What to do: When you reach the line that holds "Camden, ME 04843,39 Stonehurst DR", start copying exactly and keep going through the final line of the data, leaving out pictures.

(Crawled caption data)
▽
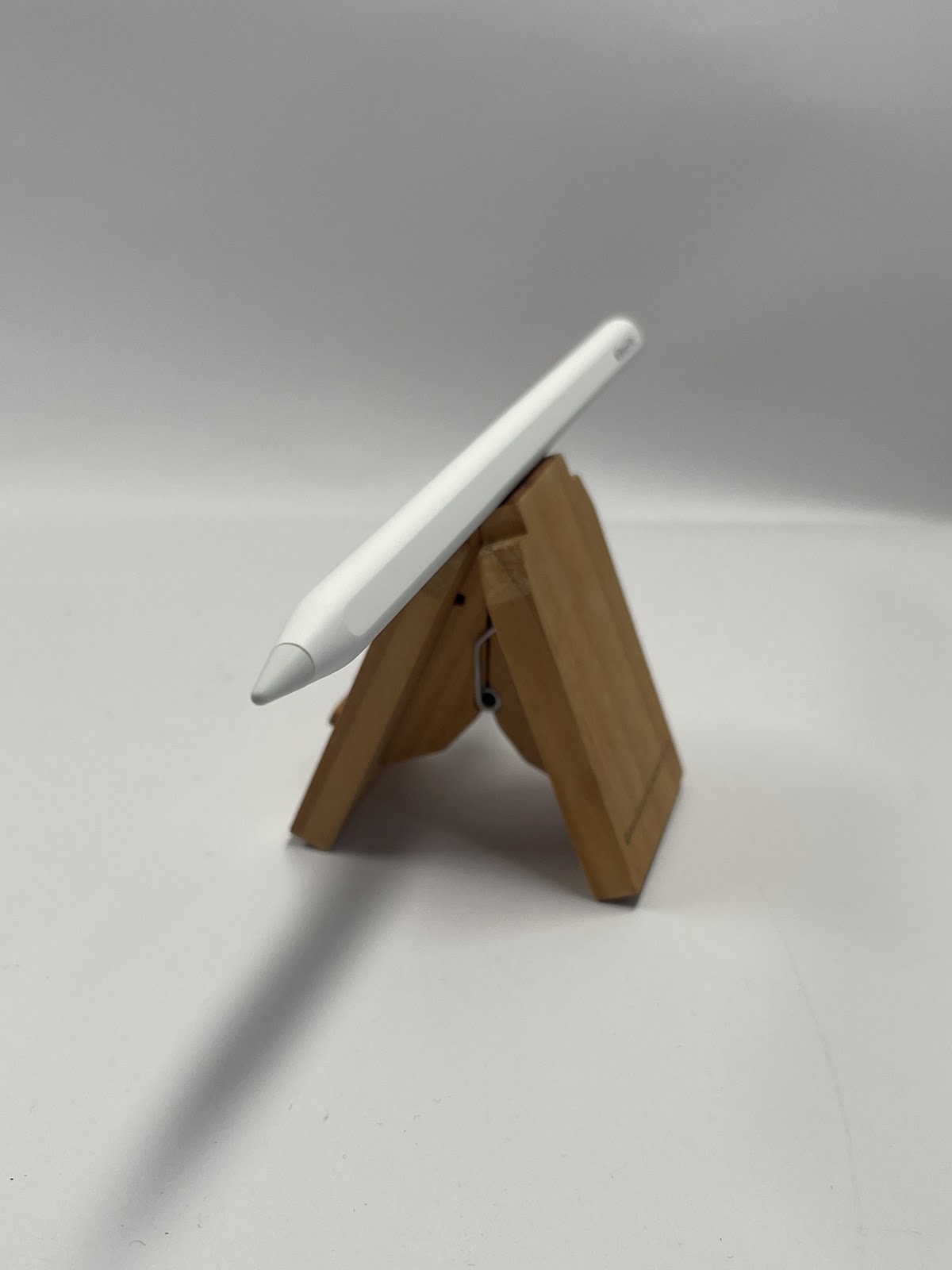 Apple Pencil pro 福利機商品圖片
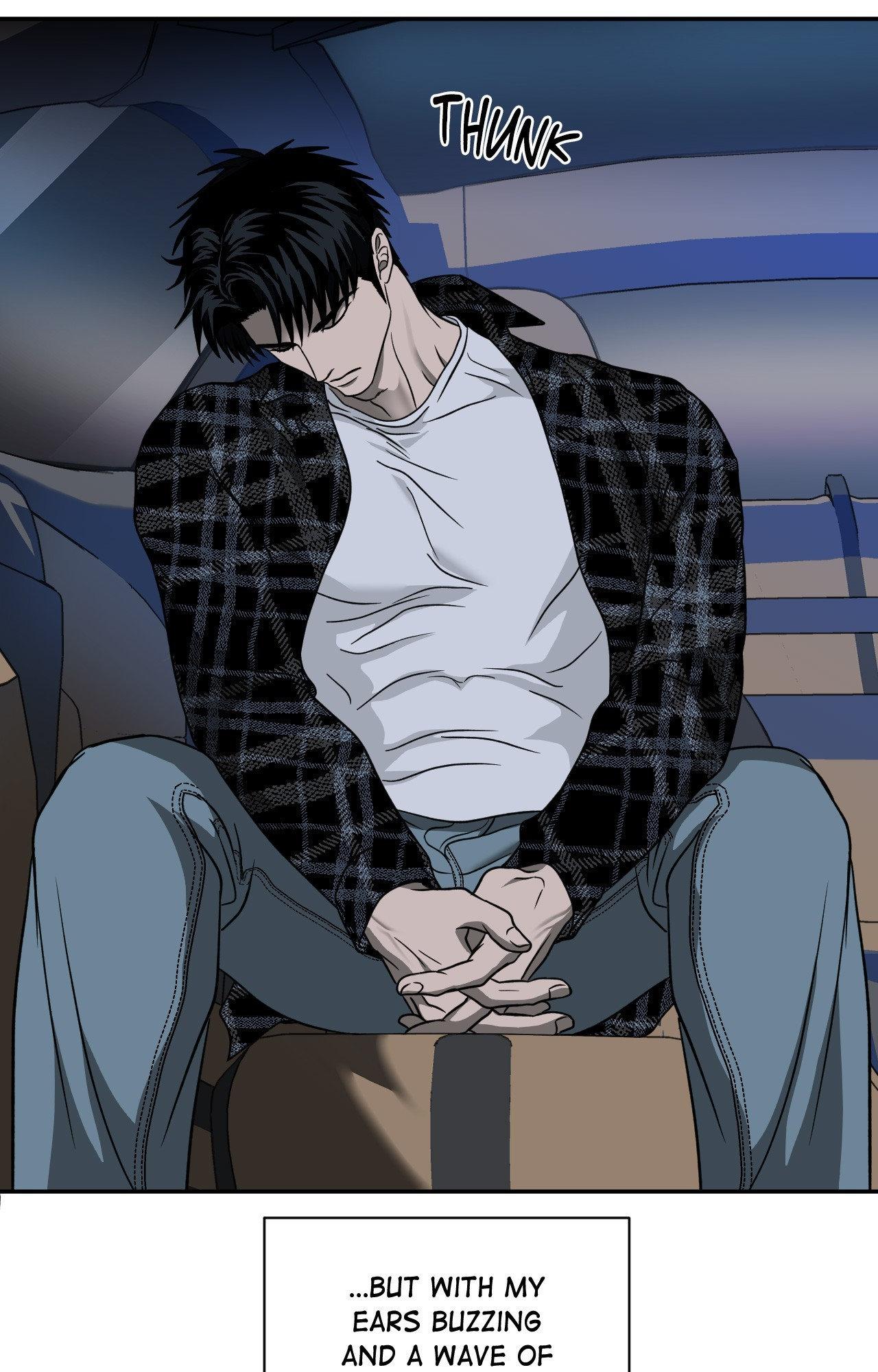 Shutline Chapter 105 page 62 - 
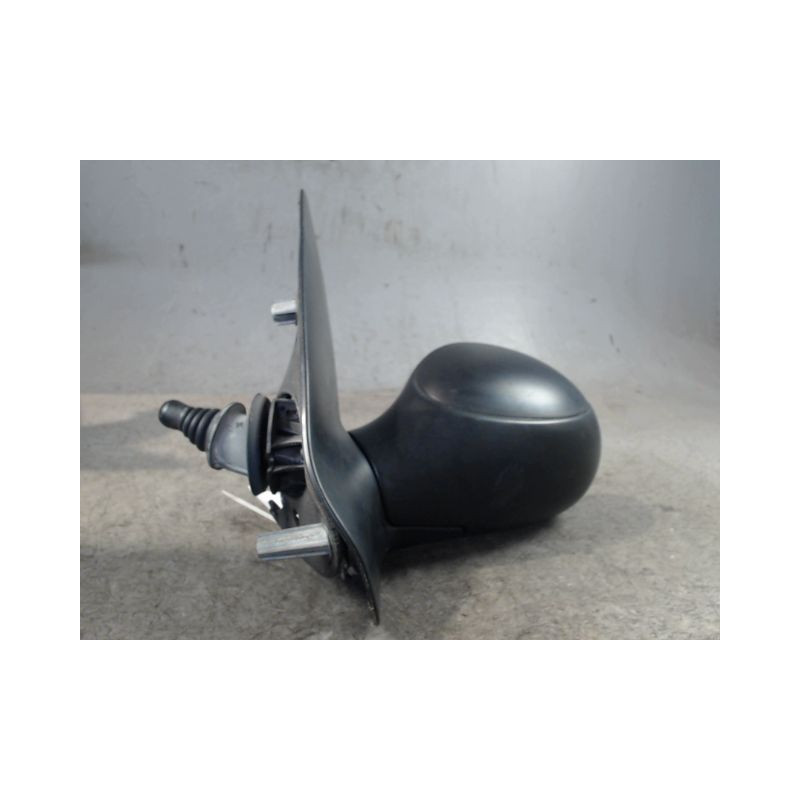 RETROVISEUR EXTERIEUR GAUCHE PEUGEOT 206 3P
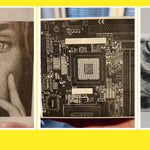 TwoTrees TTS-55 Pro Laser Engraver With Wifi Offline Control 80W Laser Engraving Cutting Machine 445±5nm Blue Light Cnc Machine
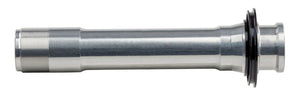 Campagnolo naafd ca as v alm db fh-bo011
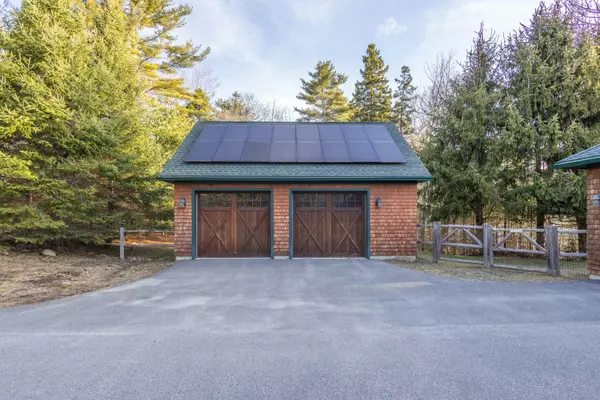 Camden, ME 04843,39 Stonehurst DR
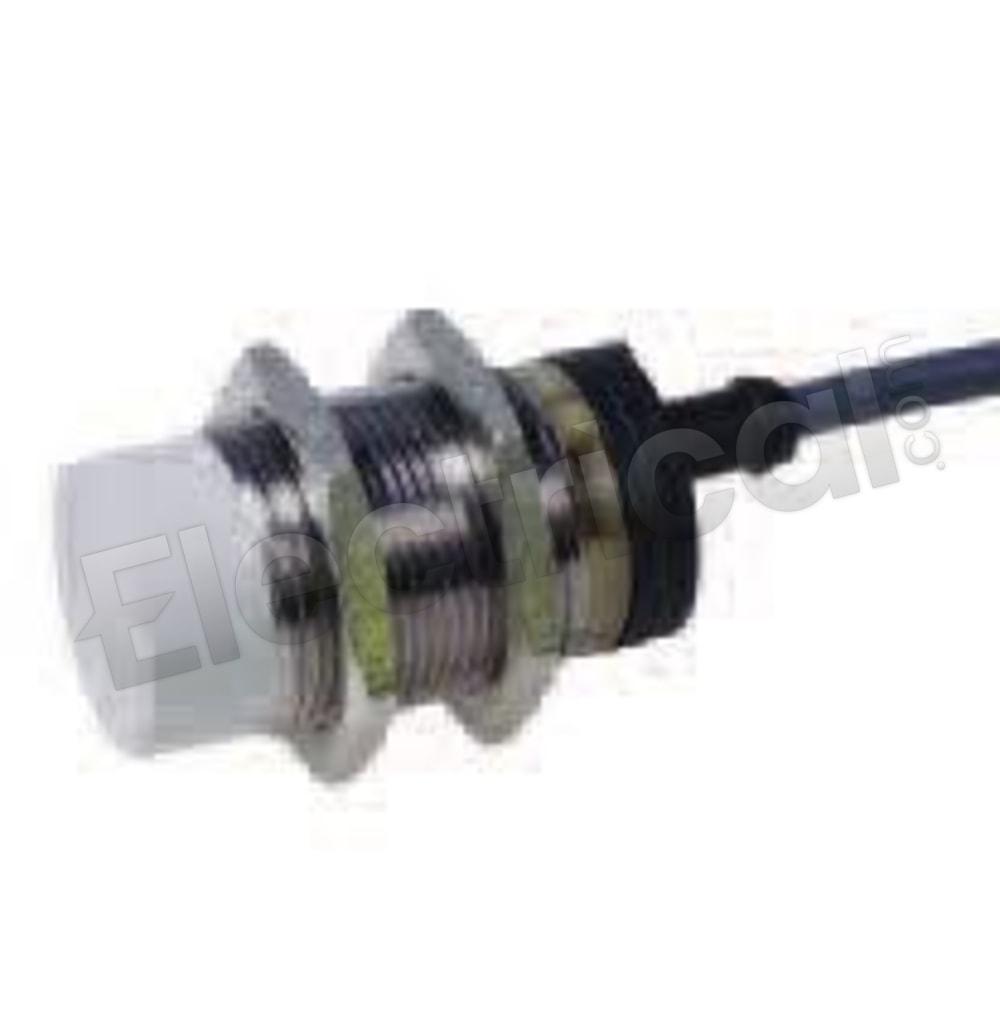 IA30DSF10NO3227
△
Answer:
 Camden, ME 04843,39 Stonehurst DR
 IA30DSF10NO3227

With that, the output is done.